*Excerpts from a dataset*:
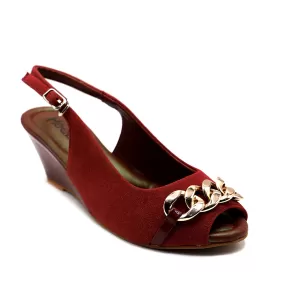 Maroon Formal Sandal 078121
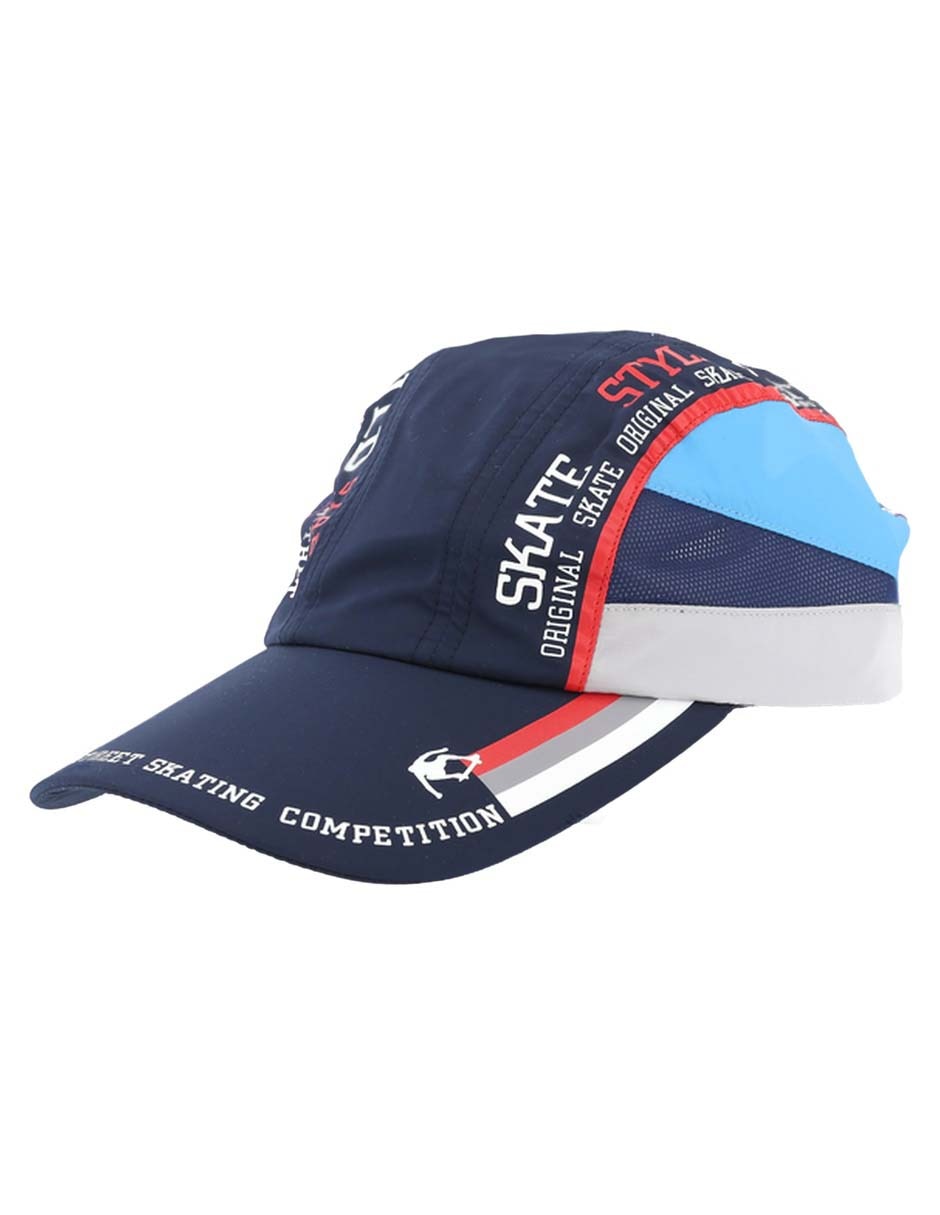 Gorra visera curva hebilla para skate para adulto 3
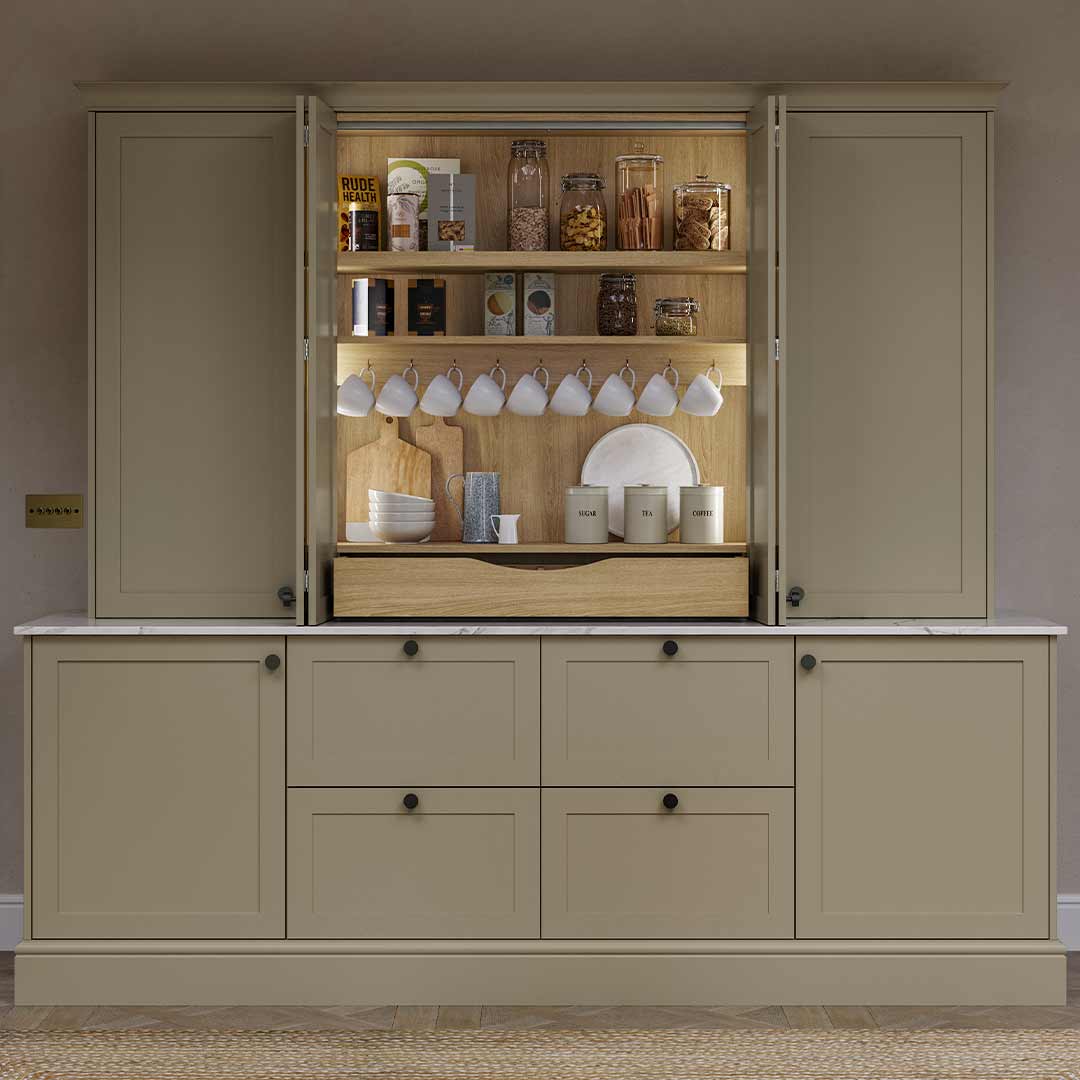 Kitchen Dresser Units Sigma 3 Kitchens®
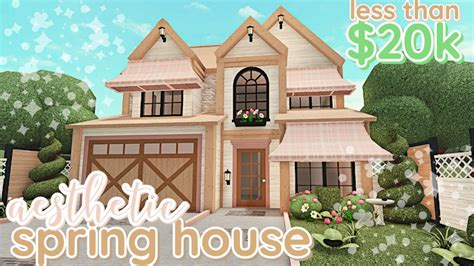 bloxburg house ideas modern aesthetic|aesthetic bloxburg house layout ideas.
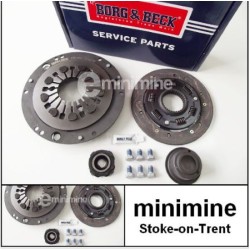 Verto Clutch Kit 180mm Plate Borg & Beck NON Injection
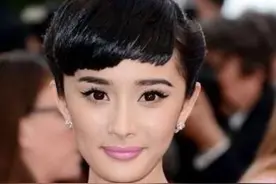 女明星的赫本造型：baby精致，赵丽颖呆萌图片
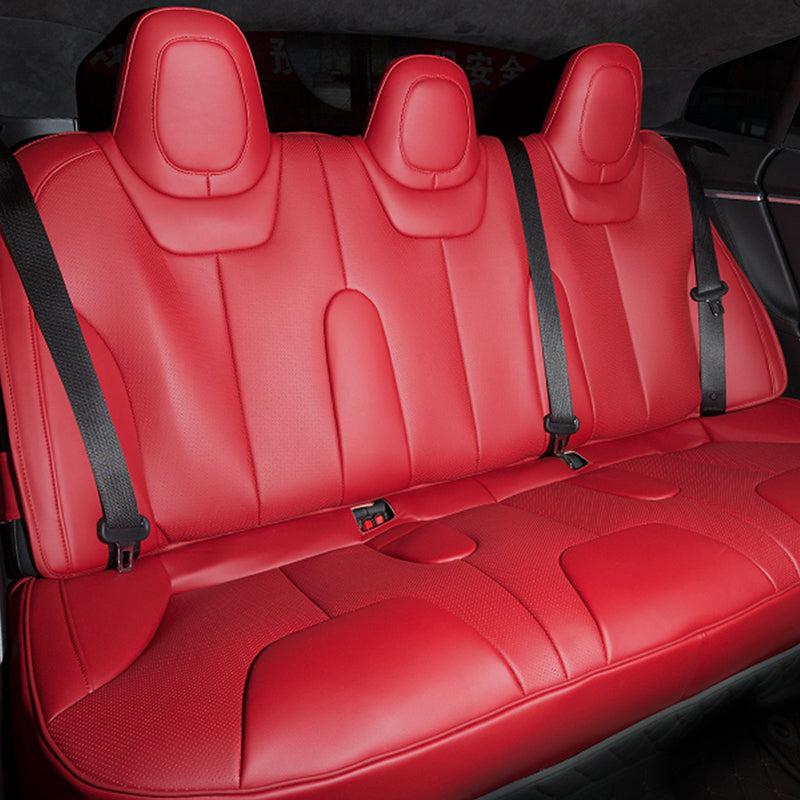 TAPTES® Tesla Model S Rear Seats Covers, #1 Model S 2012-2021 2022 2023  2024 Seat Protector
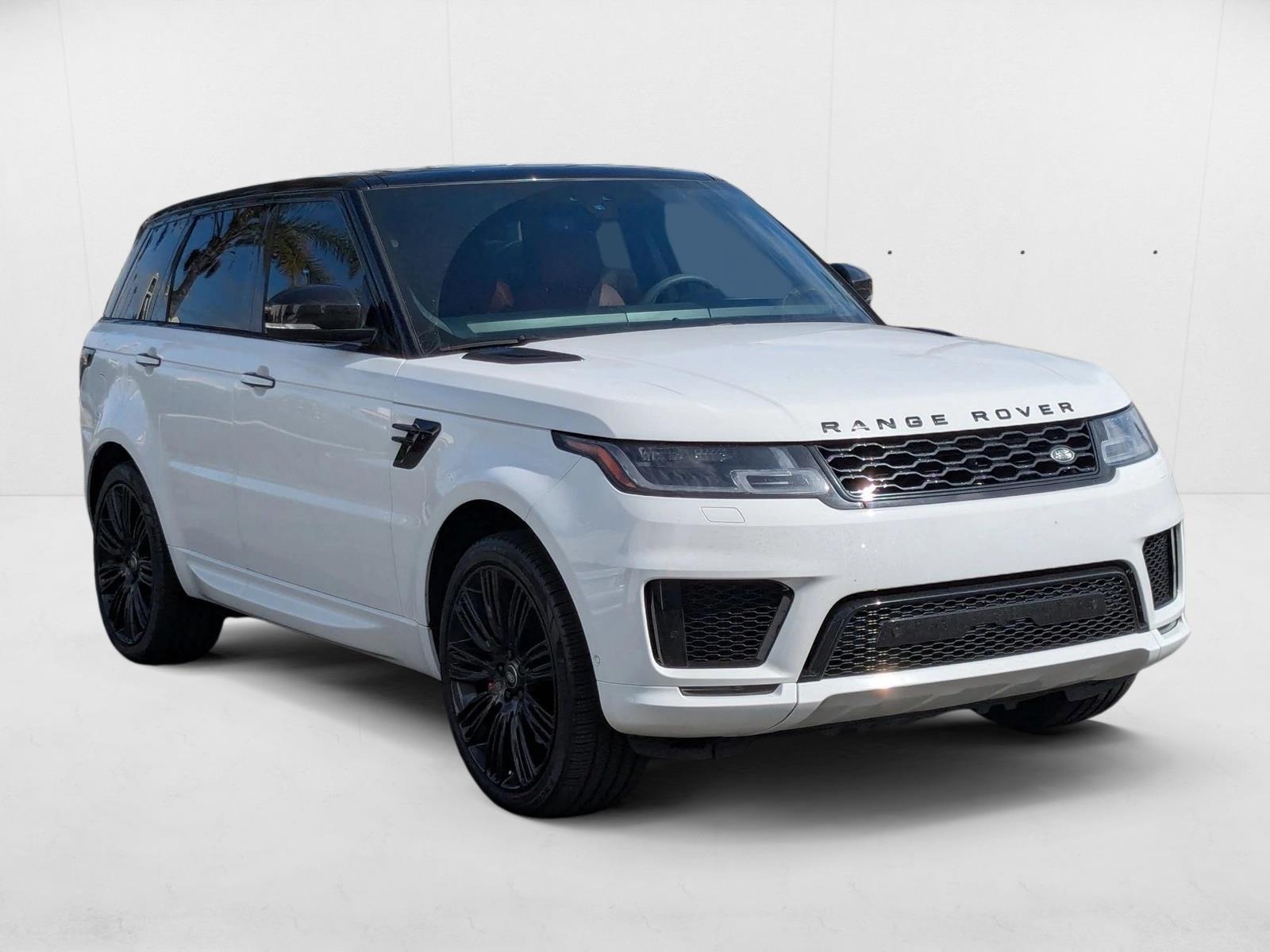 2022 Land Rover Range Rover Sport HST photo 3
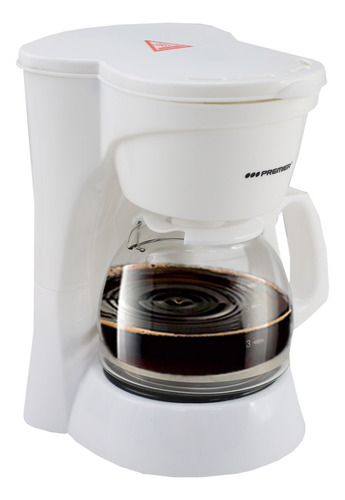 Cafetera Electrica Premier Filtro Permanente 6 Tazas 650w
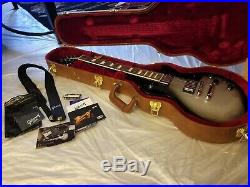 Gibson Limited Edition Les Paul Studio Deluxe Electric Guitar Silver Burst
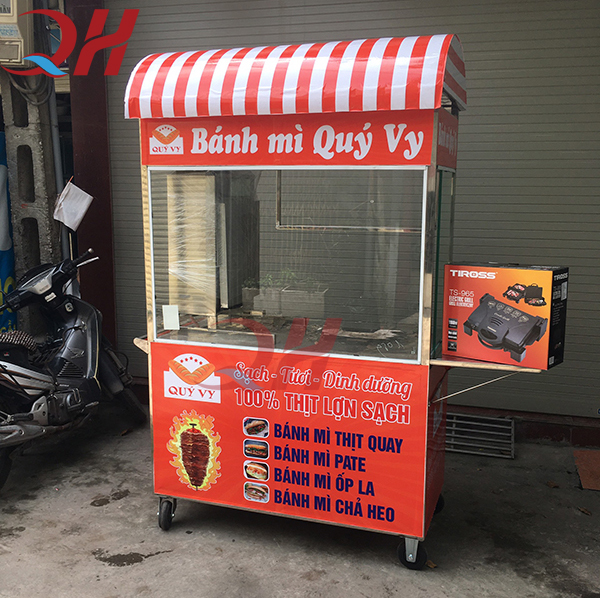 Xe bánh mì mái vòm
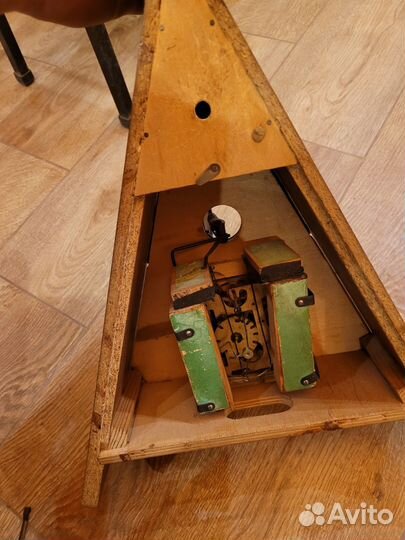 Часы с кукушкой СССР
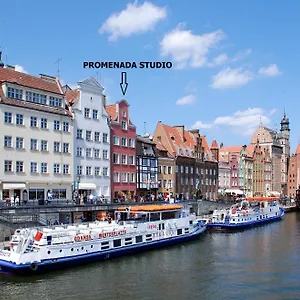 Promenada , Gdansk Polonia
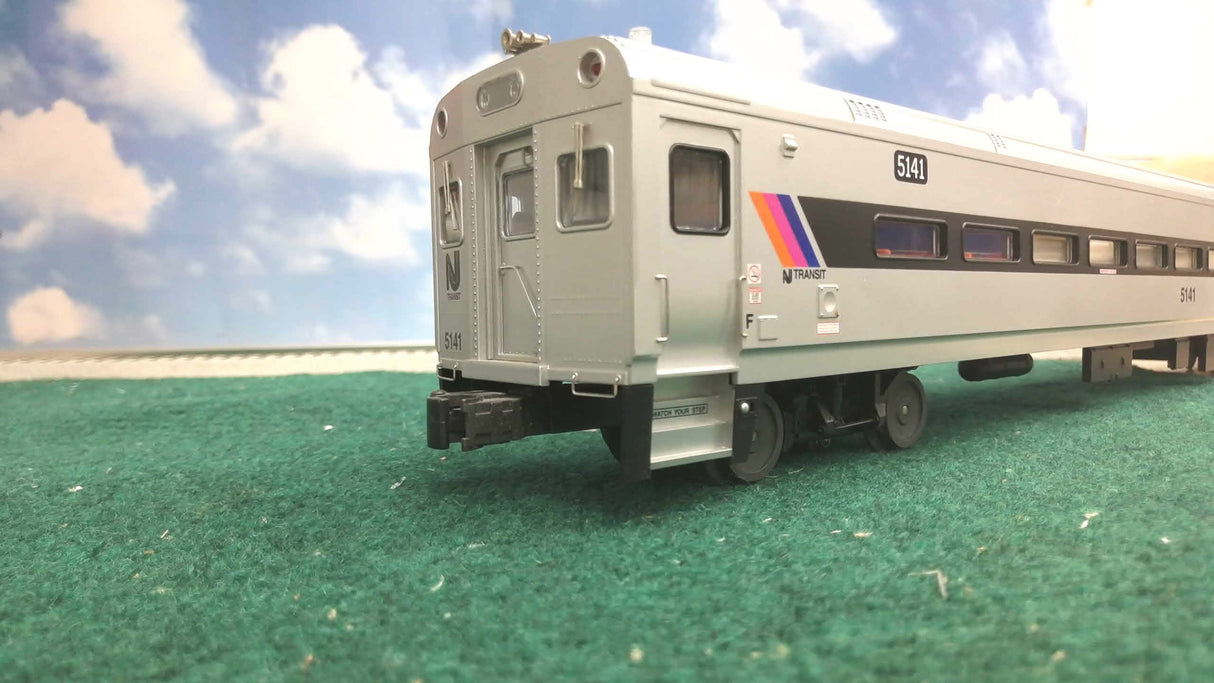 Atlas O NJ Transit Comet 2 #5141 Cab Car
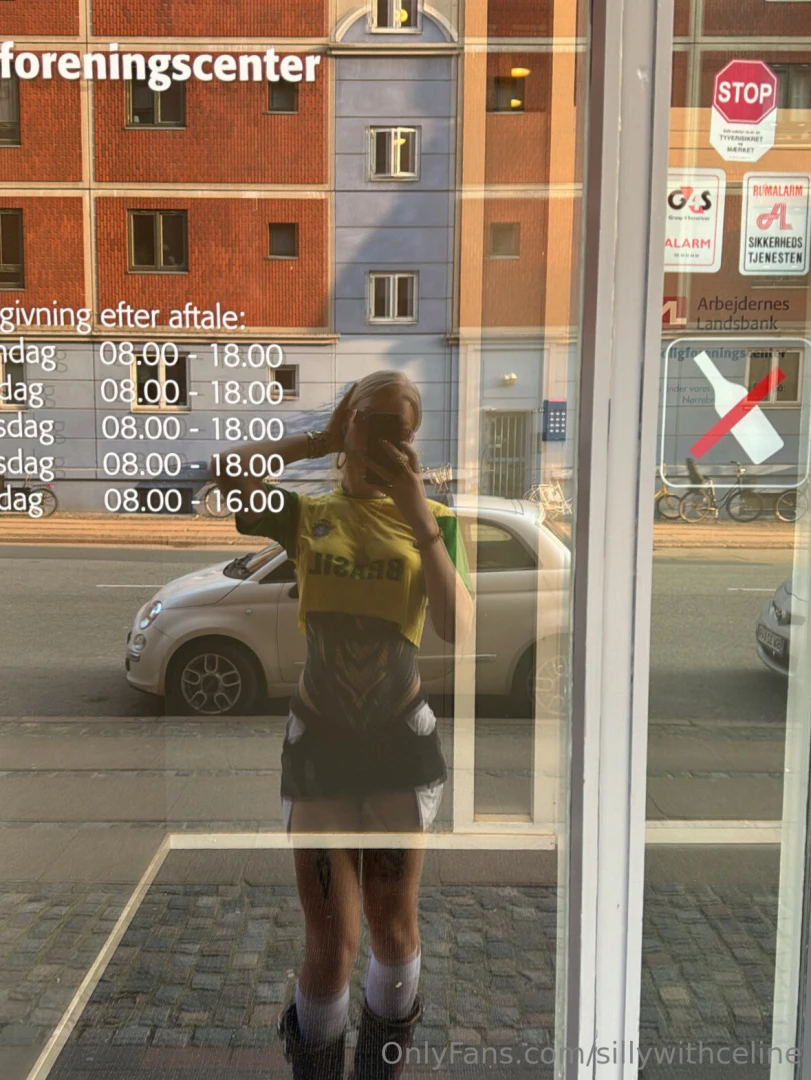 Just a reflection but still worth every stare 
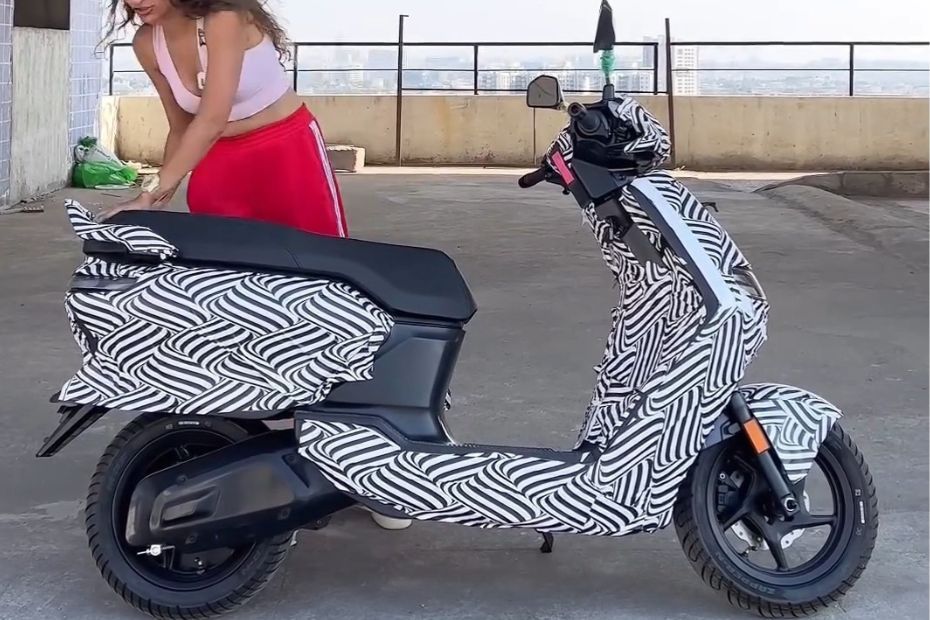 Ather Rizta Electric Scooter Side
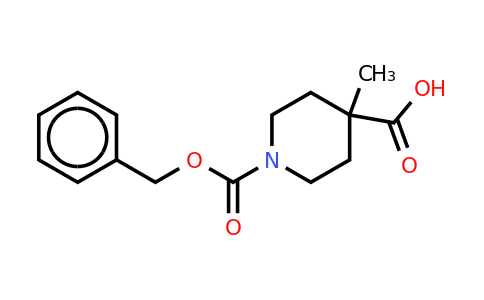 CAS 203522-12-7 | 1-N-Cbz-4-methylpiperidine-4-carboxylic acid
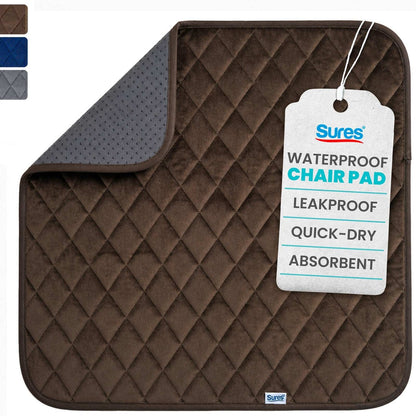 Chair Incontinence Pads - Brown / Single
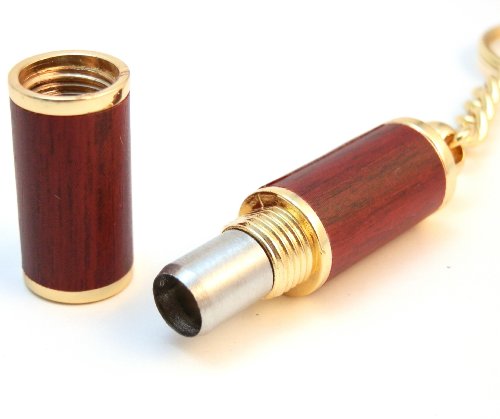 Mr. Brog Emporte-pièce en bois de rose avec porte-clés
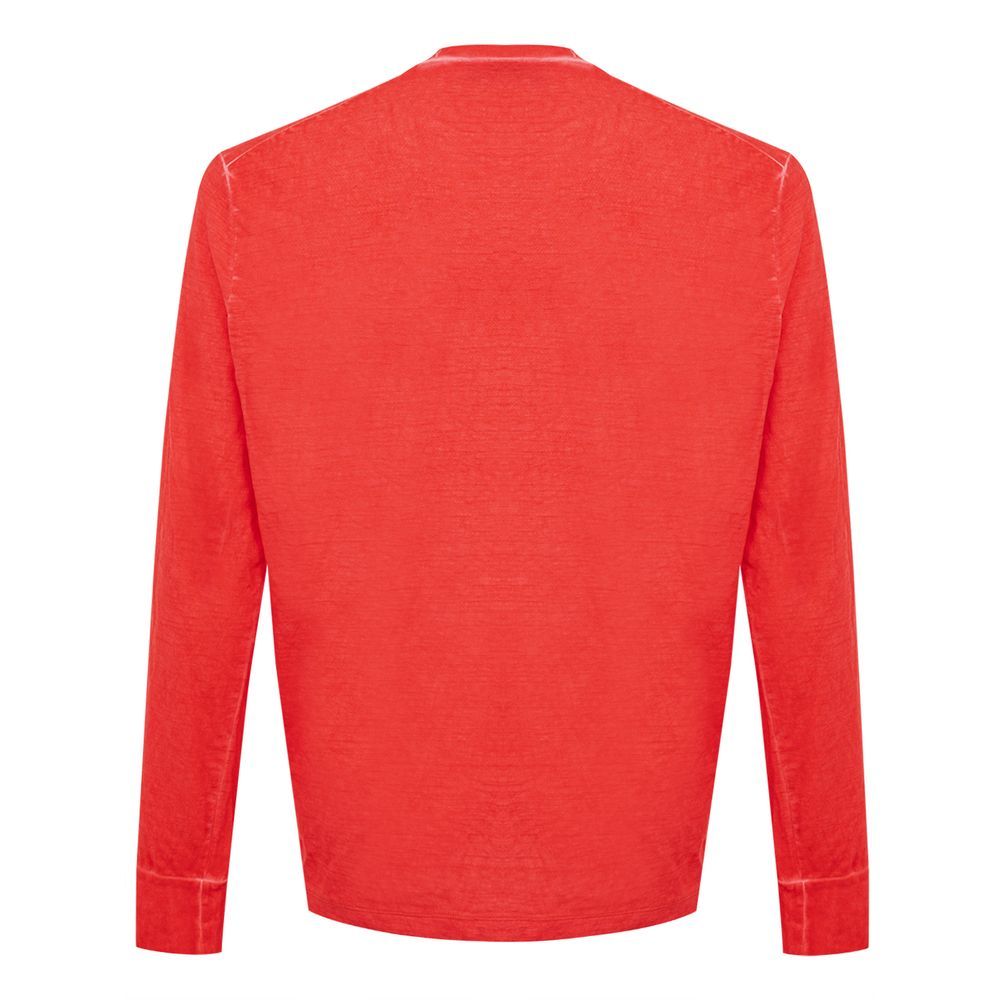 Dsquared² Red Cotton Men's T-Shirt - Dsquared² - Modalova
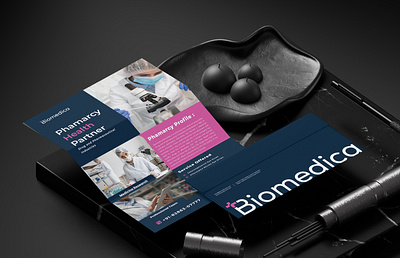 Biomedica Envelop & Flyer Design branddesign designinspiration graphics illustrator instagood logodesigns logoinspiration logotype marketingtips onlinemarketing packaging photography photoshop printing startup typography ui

*Assignment*: After locating the line containing "TAPTES® Tesla Model" in the entries above, return it and every line after it exactly, ending at the line containing "Ather Rizta Electric Scooter Side", without pictures.

*Exercise response*:
 TAPTES® Tesla Model S Rear Seats Covers, #1 Model S 2012-2021 2022 2023  2024 Seat Protector
 2022 Land Rover Range Rover Sport HST photo 3
 Cafetera Electrica Premier Filtro Permanente 6 Tazas 650w
 Gibson Limited Edition Les Paul Studio Deluxe Electric Guitar Silver Burst
 Xe bánh mì mái vòm
 Часы с кукушкой СССР
 Promenada , Gdansk Polonia
 Atlas O NJ Transit Comet 2 #5141 Cab Car
 Just a reflection but still worth every stare 
 Ather Rizta Electric Scooter Side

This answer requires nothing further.